Knock and the door will be opened to you ……
This is such a simple
statement. But is it a command, a suggestion, a promise, perhaps?
It is so basic that
virtually all translations of the original read identical:
Knock and the
door will be opened to you ……
However, like all statements
from this source, it is simple and yet unimaginably complex – not wholly
understood by the wisest, most intelligent human minds.
Regardless, some years a
while ago, a person who I love faced a challenge. I did not believe it would be
a tough challenge, but it was a big step for her. So, if the instruction is - Knock
and the door will be opened to you ……
I knocked.
And it initially seemed as
if the request would be promptly answered and the door would open.
But just as quickly as the
door opened, it slammed shut. It was a false hope, appearing as a cruel trick.
We were back to square one, so I knocked again.
But disappointedly, there
was no progress. There was no answer - none. It seemed as if no one was home.
What’s wrong? Knock and
the door will be opened to you …… I’m knocking. No one is opening.
In our flawed mind, we
interpret the statement as “knock once,” and the door immediately swings open
wide. But it doesn’t say knock once, and it also doesn’t say knock gently.
I knocked. I knocked. I
knocked some more. I kept knocking - nothing.
This was highly frustrating
because this is a situation where the longer it takes to succeed, the harder it
gets to succeed. So, to me, there was pressure to have this resolved soon.
A year went by, and the door
remained shut. I continued to knock.
The repeatedly unanswered petitions
generated doubt. This request was good and pure and noble, and it wasn’t even
for me. There was no good reason why this was taking so long. This whole thing
should have been done by now. I could not understand why the door remained
shut. Yes, I had doubts, yet I knocked still again.
After three years of
knocking, there was some progress that generated much hope. I could feel the
door loosening. There was a small crack, and perhaps it would open soon.
But then there was a
setback. The door quickly shut, the lock securely clicking in place.
I stared at the door in
disgust. Hope had been vanquished again. I was crushed.
And yet I knocked. I wondered
what I lacked; in that I was knocking but the door was not opening as stated.

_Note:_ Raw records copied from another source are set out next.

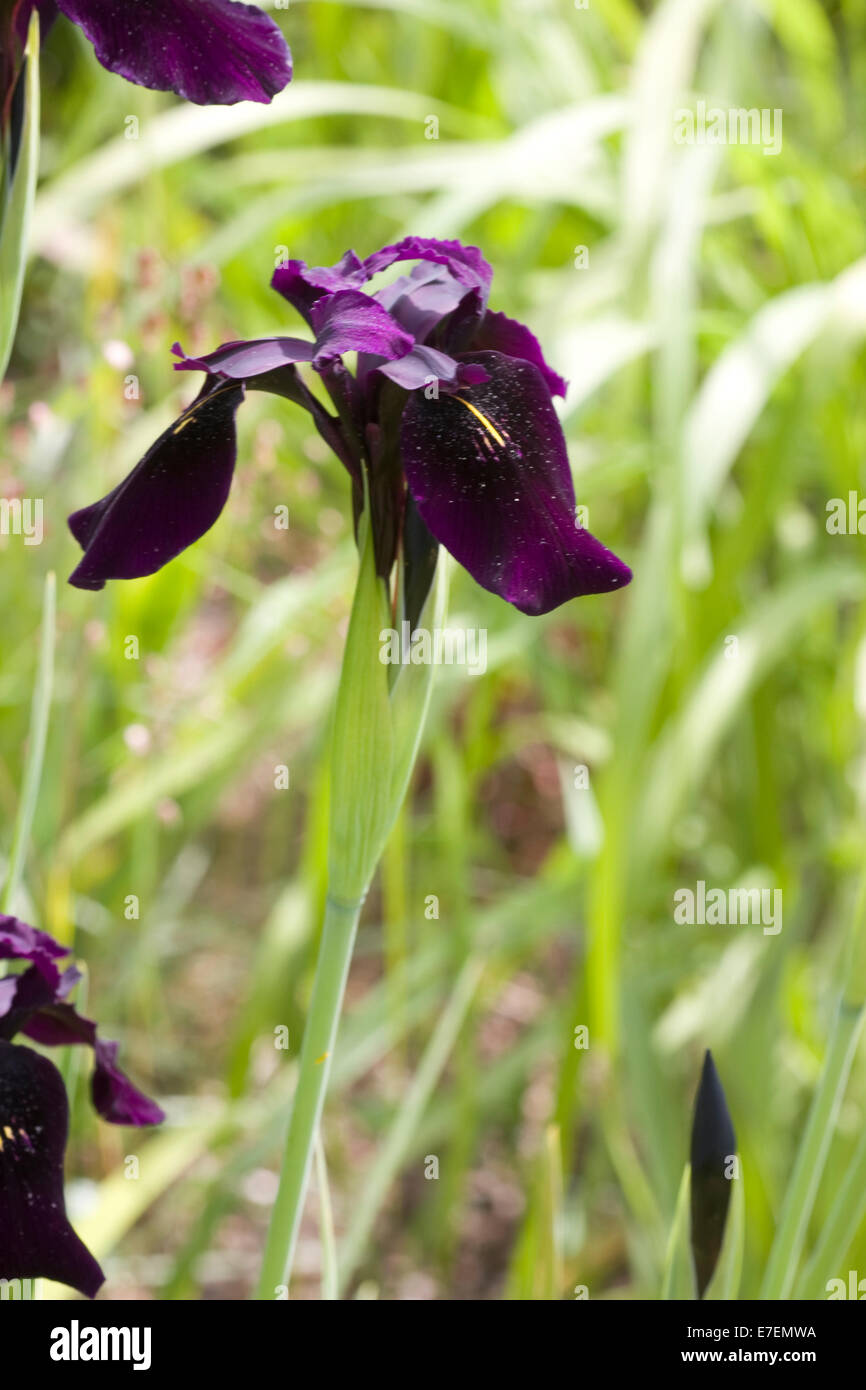Black iris ( Iris chrysographes ) Stock Photo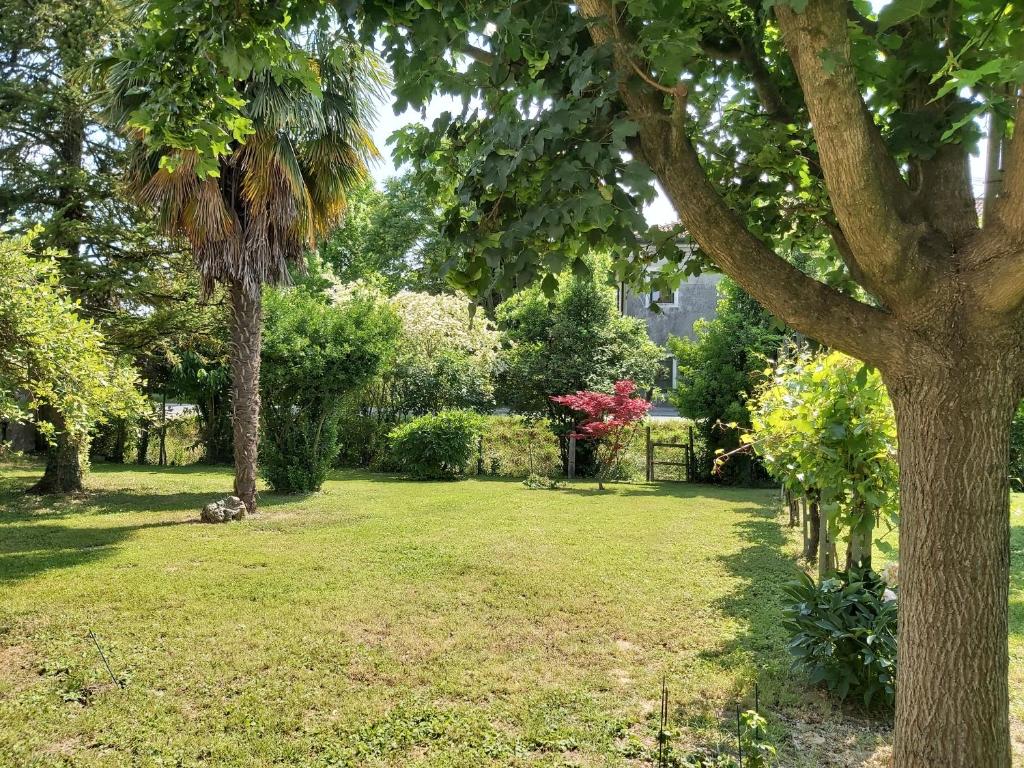 La Celeste — giardino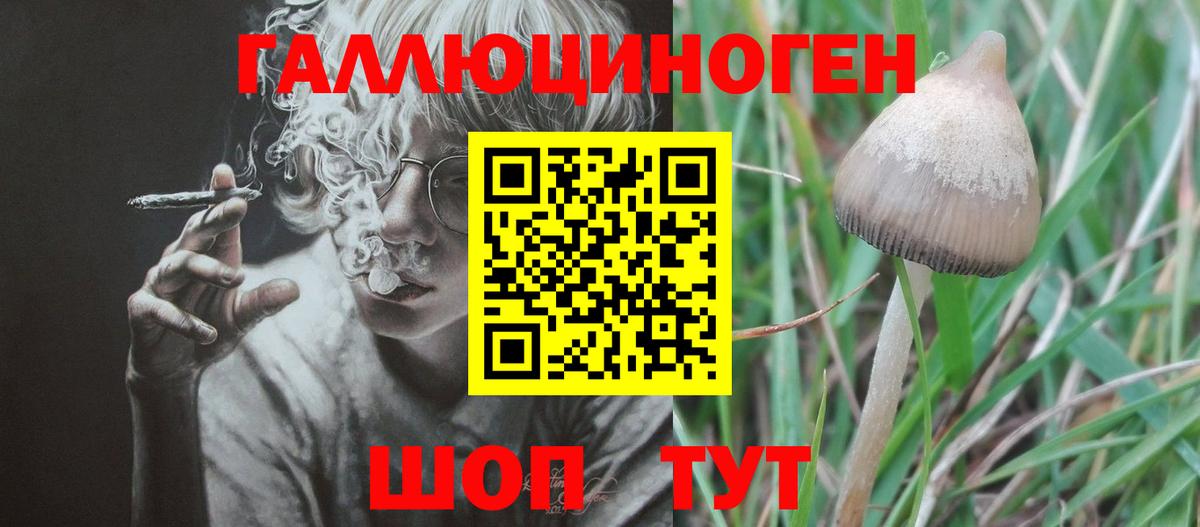 Псилоцибиновые грибы ЛСД Алатырь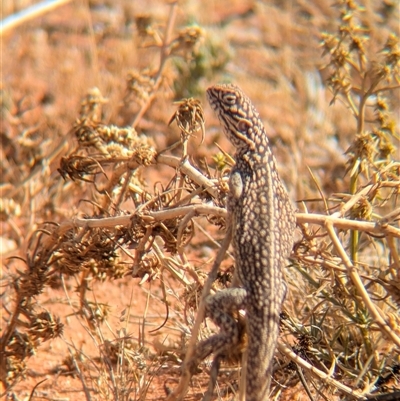 Ctenophorus nuchalis (Central Netted Dragon) at Tibooburra, NSW - 15 Nov 2024 by Darcy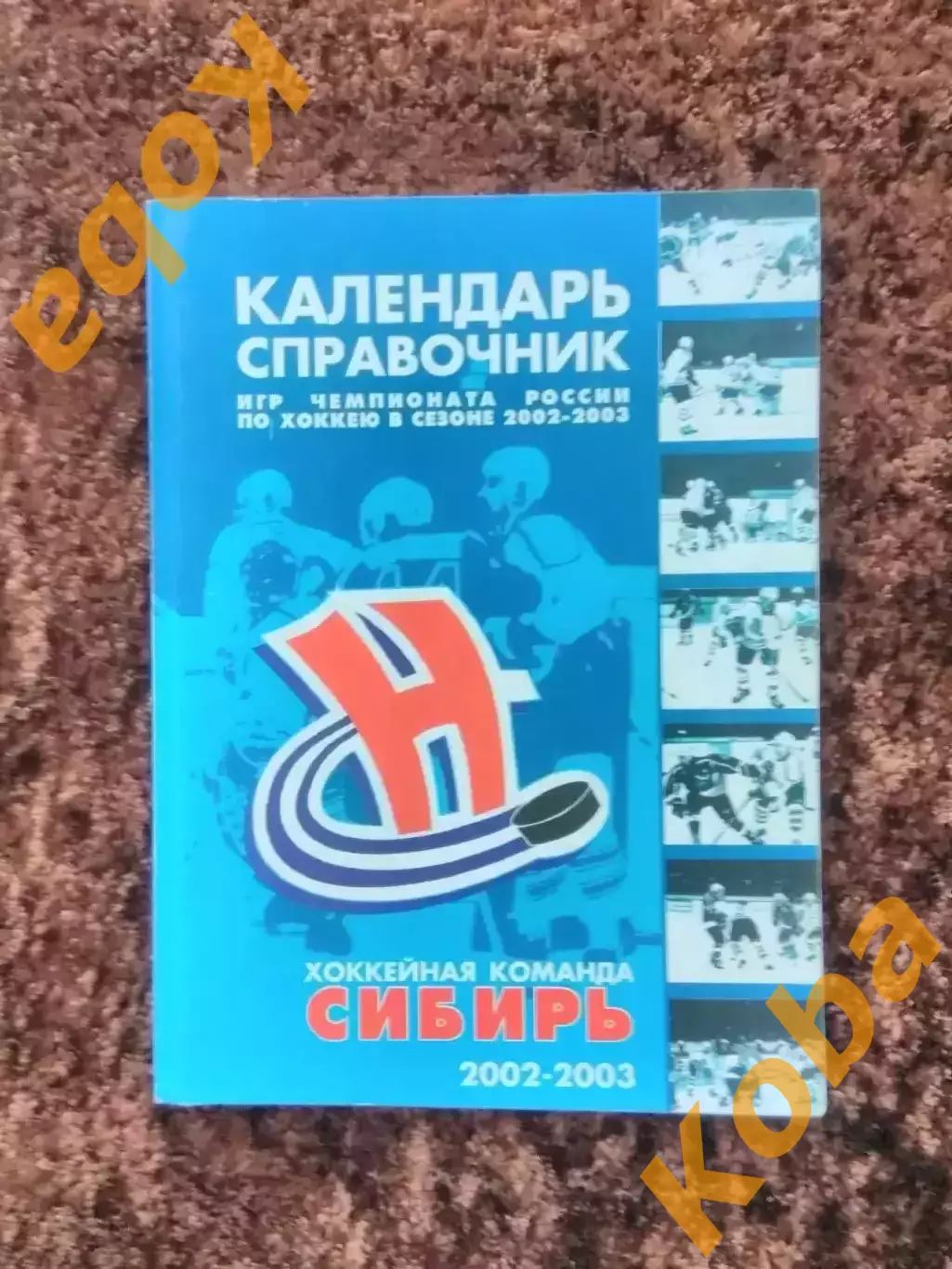 Сибирь Новосибирск 2002 - 2003 Хоккей с шайбой Левинская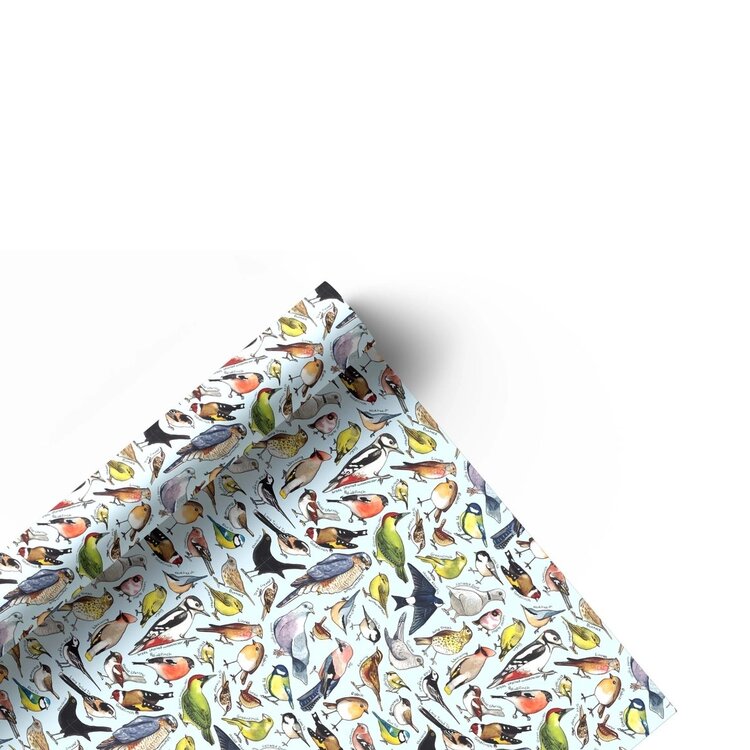 Alexia Claire Garden Birds of Britain Gift Wrap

But I did not lack faith. The act of continuing to knock when there is no
answer is a sign of substantial faith. You only continue to knock on a door
when you believe someone is home. I knew someone was home, yet there was no
answer, and the door remained shut.
The knocking continued for
years. However, as the frustration grew, the knocks became pounds and then
two-fisted strikes accompanied by yelling, as desperation set it. “Are you
listening? Can you hear me? Do you see what is not happening here?
It says “knock”. It does not
say “beg”. Just knocking wasn’t working, so I begged for the door to be opened,
but the result was the same.
And then there was progress
again. Hope returned. The door had cracked open. I then did everything in my
power to open that door. I ran and slammed against it with all my might. I
pushed with all my strength. Trying this hard and failing was painful and
exhausting.
Despite my efforts, the door would not open. It would not even budge an inch. Unfortunately, in this circumstance, partial success meant that total success was unlikely. There were now added barriers to getting the door opened.
The next
time I approached the door, metal bars were bolted
across it and huge locks were wrapped around the doorknob. This door would not
and could not be opened. I had tried everything to get the door open, but now
the new circumstances had made it impossible.
It forced me to reevaluate
the situation. The person most affected by the current state of things was
happy. Everyone else involved with it was happy too. Therefore, I decided that
I would have to become satisfied with it also. It wasn’t the outcome I desired,
but it was a better situation than when it began. I would settle with what we
had. I would come to peace with the circumstances. And … I would stop knocking.
Accepting this outcome was a
process that took some time. After knocking for over eight years, settling doesn’t
come quickly. Eventually, I was able to be completely satisfied and at peace.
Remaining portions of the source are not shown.